Abstract
Moderate or Intense Low Oxygen Dilution (MILD) combustion is a fuel-flexible combustion technology featuring high efficiency and low pollutant emissions. Fundamental studies reveal that turbulence-chemistry interactions are extremely complex in MILD conditions and reactor-type approaches seem to be the adequate modelling choice. In this work we develop a generalised Eddy Dissipation Concept (EDC) adapted to MILD combustion regime accounting for finite rate chemistry. We examine two recent modifications of the standard EDC and present a generalised model. It is based on functional expressions where the model parameters are adjusted to the local conditions in terms of Reynolds and Damköhler numbers, contrary to the usually proposed ad hoc tuning of the global EDC constants. Numerical results reveal that previously presented corrections are indeed suitable for specific conditions; their appropriate combination, guided by physical premises and a scrutiny of computation results, leads to a reformulation of the EDC framework. The study consists of two parts: the model development is described here (Part 1); in a companion paper (Part 2), we present a thorough validation process performed against twelve flames issuing from the jet-in-hot-coflow burners from Delft and Adelaide, representing a wide range of operating conditions. The new, generalised model can serve as a plug and play engineering tool without complex pre- or post-processing treatment.
Highlights
New combustion concepts are emerging or getting more popular, and are intensively investigated as a result of new trends in technology development
Fundamental aspects of Moderate or Intense Low-oxygen Dilution (MILD) combustion of different types of fuels with a focus on industrial applications were presented by Weber et al [11] and some issues of its mathematical modelling were discussed by Mancini et al [12]

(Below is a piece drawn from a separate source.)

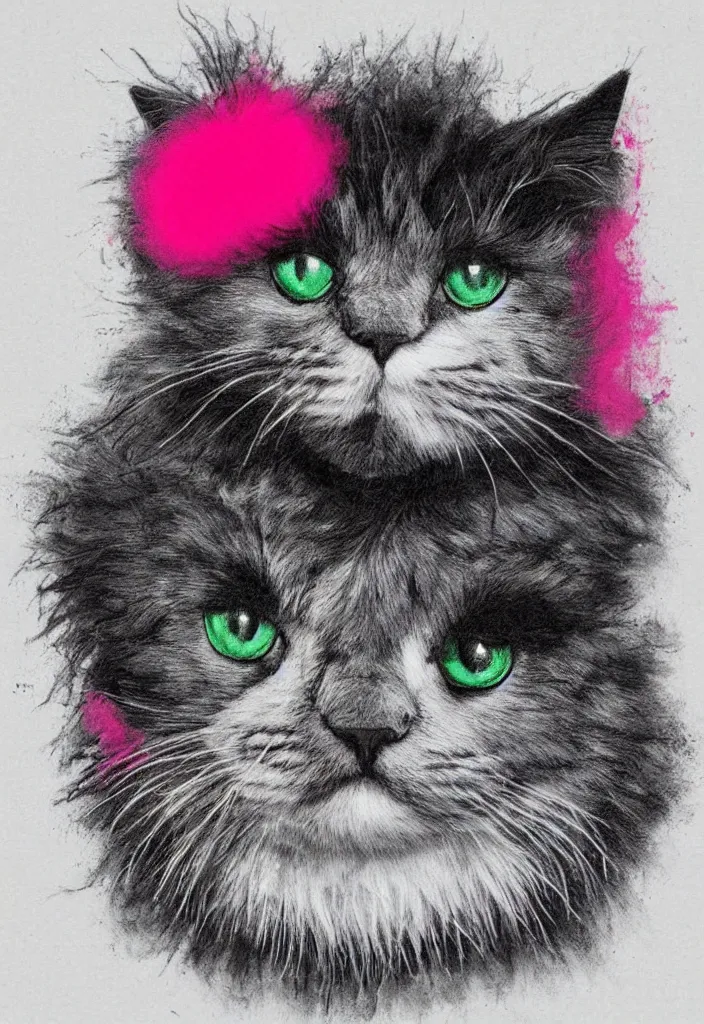 Prompt: fluffy cat with afro comb t - shirt design, by jules julien, dark grisaille monochrome neon spraypaint, ironic surrealism, hypebeast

We present a comprehensive development toward an easy-to-use and simple, yet accurate, turbulent combustion model incorporating finite rate kinetics at affordable computational cost, based on the Eddy Dissipation Concept
Summary
New combustion concepts are emerging or getting more popular, and are intensively investigated as a result of new trends in technology development. The technique is called Flameless Oxidation (FLOX) [1], Highly Preheated Air Combustion (HPCA) [2], High Temperature Air Combustion (HiTAC) or Colorless Distributed Combustion (CDC) [3]. Luan et al [9] presented an interesting study identifying MILD regime in a non-adiabatic well-stirred reactor. They composed a combustion map using initial inlet temperature and oxygen concentration. A comprehensive review on flameless combustion and its potential for gas turbine applications, discussing the regime definition, basic experimental investigations, computational modelling aspects, design of the combustors including future challenges has been recently published by Perpignan et al [14]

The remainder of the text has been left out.